L'objectif du CANDAC (dont le directeur du CARTEL, Alain Royer, est aussi
membre) est d'implanter un nouvel observatoire atmosphérique à la base d'Eureka
sur l'île Ellesmere au Nunavut.
«L'Arctique et l'Antarctique sont censés être des milieux exempts de
pollution, explique le professeur. Mais ce n'est plus le cas, et c'est
dramatique. Car cela signifie que la pollution est devenue un problème
présent sur toute la surface du globe. Nous savons par exemple que
l'Arctique se couvre au printemps d'une brume légère (arctic haze);
nous voulons mieux comprendre d'où vient ce phénomène, et déterminer s'il
est stable ou tend à augmenter.»
Outre la pollution due aux activités humaines, le professeur O'Neill et
ses collègues étudieront les phénomènes naturels tels que les poussières
atmosphériques et le transport des aérosols (particules solides ou liquides
en suspension dans l'atmosphère) provenant de la fumée des feux de forêts.
«Il est de plus en plus évident que les aérosols peuvent avoir un impact à
un endroit très éloigné de leur source, explique-t-il. Nous avons par
exemple détecté à Vancouver des poussières provenant du désert du Sahara. Et
le rôle des aérosols au niveau des changements climatiques est très
important.
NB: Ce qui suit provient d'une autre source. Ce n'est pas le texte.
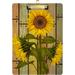 Coolnut Sunflower Floral Vintage Clipboards for Kids Student Women Men Letter Size Plastic Low Profile Clip 9 x 12.5 in Golden Clip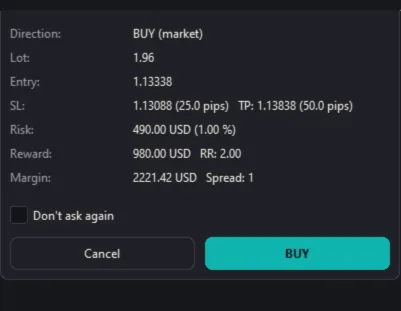 The order confirmation (Dark theme)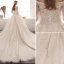 Charming Champagne Wedding Dresses 2019 A-Line / Princess Off-The-Shoulder Beading Pearl Lace Flower Short Sleeve Backless Cathedral Train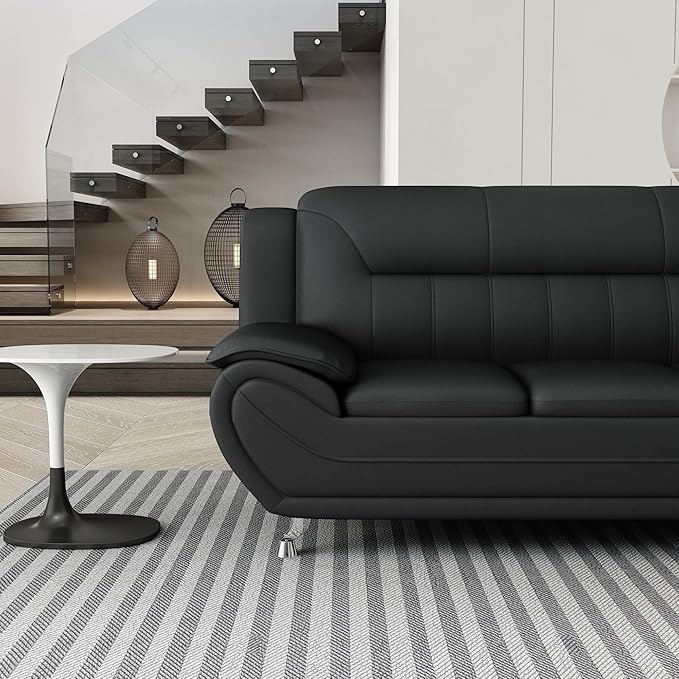 Container Furniture Direct Michael Modern Faux Leather Upholstered Stainless Steel Legs Living Room Sofa, Black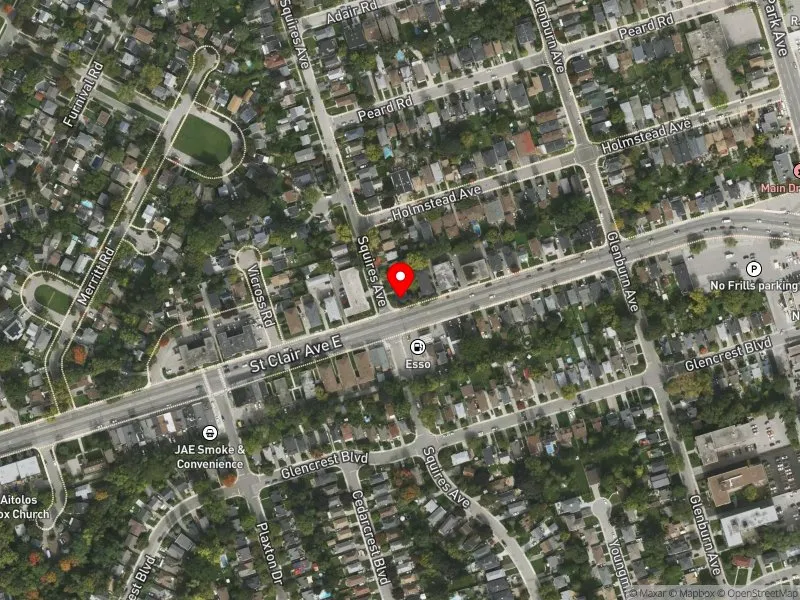 RentSafeTO apartment evaluation satellite view of 2914 ST CLAIR AVE E in Beaches-East York, Toronto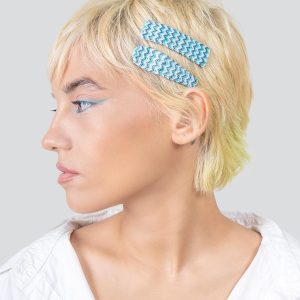 Chapras Hand-embroidered Pair of Hair Pins on model - Blue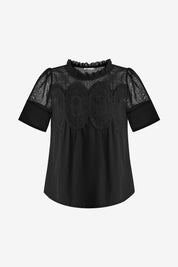 Womens Black Flowy Lace Blouses | CicyBell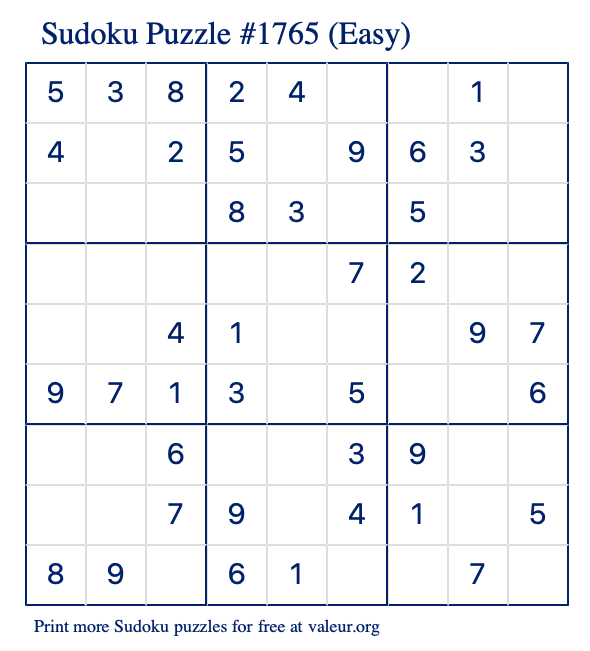 free printable easy sudoku with the answer 1765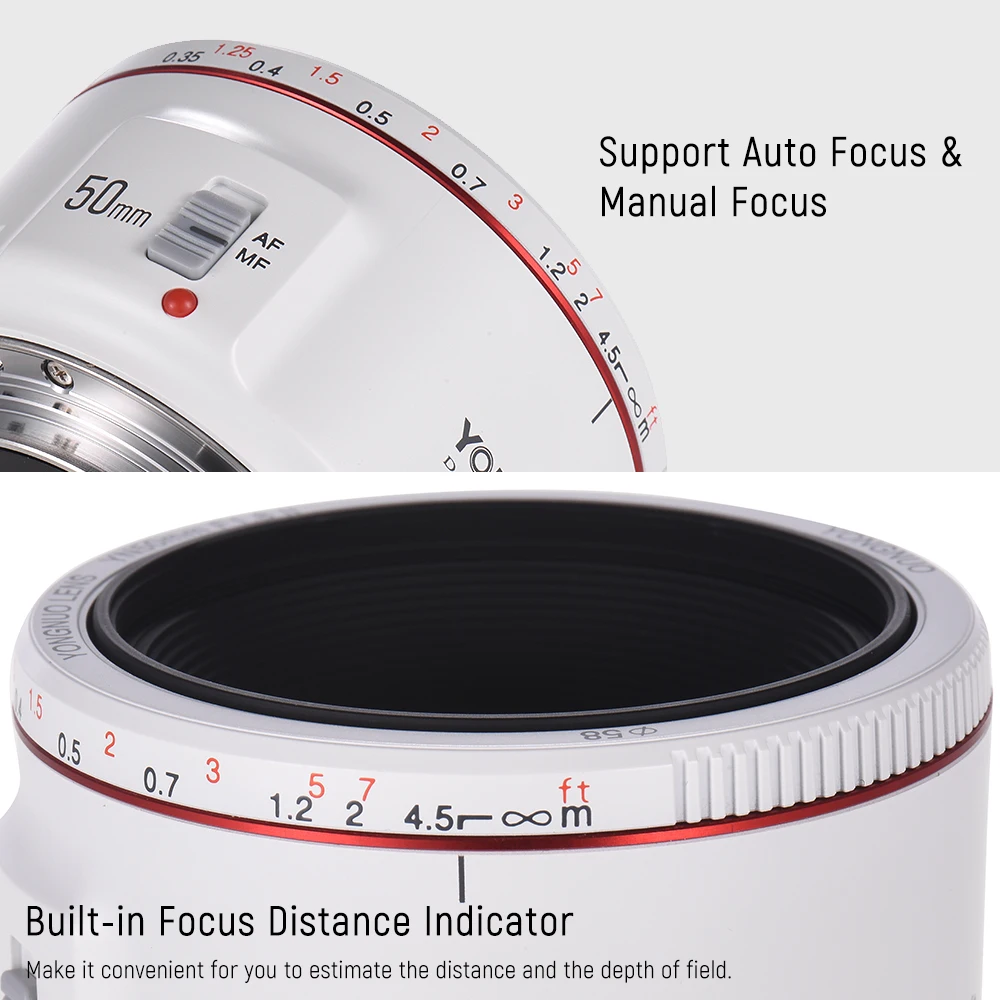 Yongnuo YN50MM F1.8 II White Lens for Canon DSLR Cameras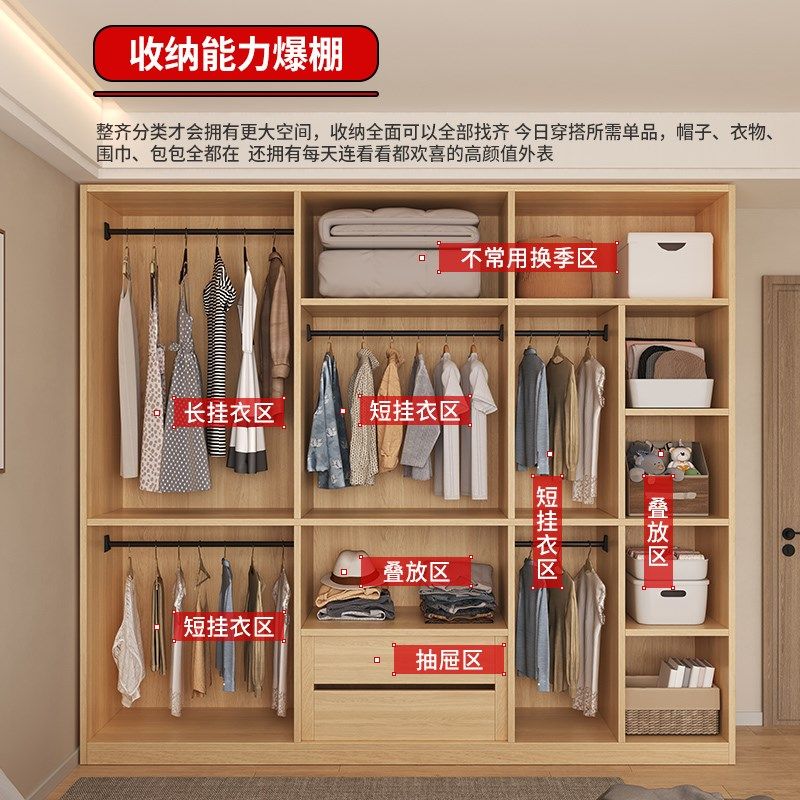 实木衣柜家用卧室可定制平开门挂衣橱包安装现代简约主卧大衣柜子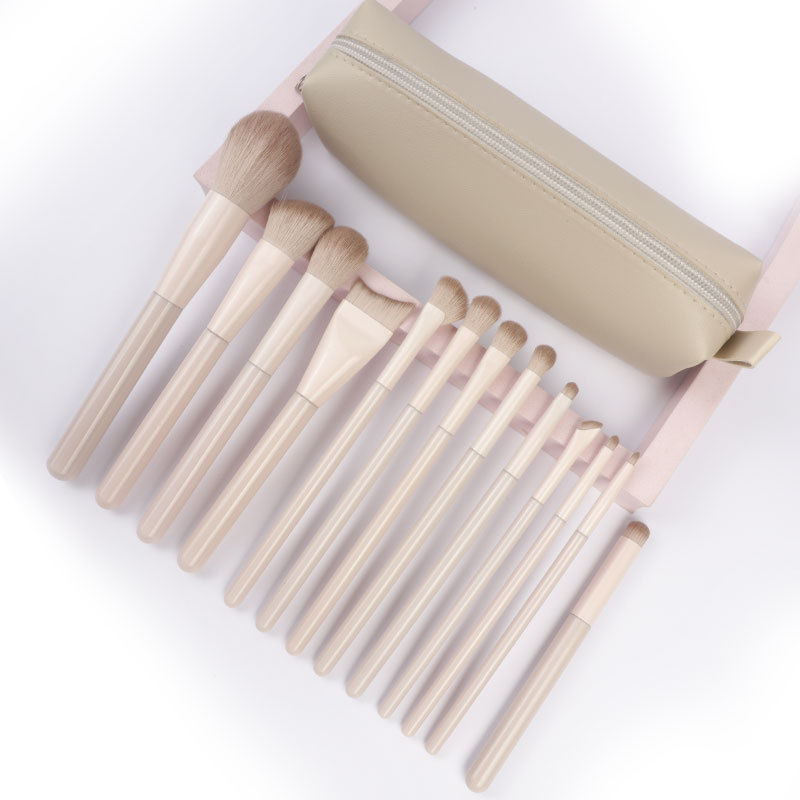 13-piece Beginner Eco-friendly Makeup Brush Set-Luxurious pink Custom-made Private Brand Travel-Friendly Makeup Brushes Storage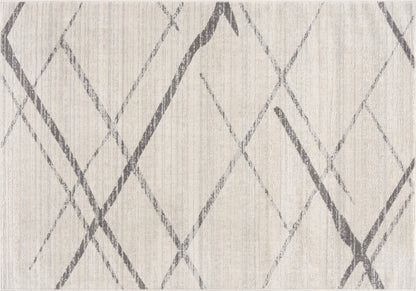 2' X 4' Gray and Ivory Geometric Area Rug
Si on ne s'attarde qu'aux gaz à effet de serre, on n'arrive pas à
bien comprendre le réchauffement de la planète.»
Des appareils mesurant l'atténuation de la lumière due à la pollution
Les appareils intercalibrés par Norman O'Neill et ses collègues pendant
la campagne à Spitzbergen et qui seront bientôt installés à Eureka sont
appelés photomètres solaires. Ils recueilleront notamment pendant le jour
des données sur l'atténuation de la lumière du soleil parvenant à la Terre.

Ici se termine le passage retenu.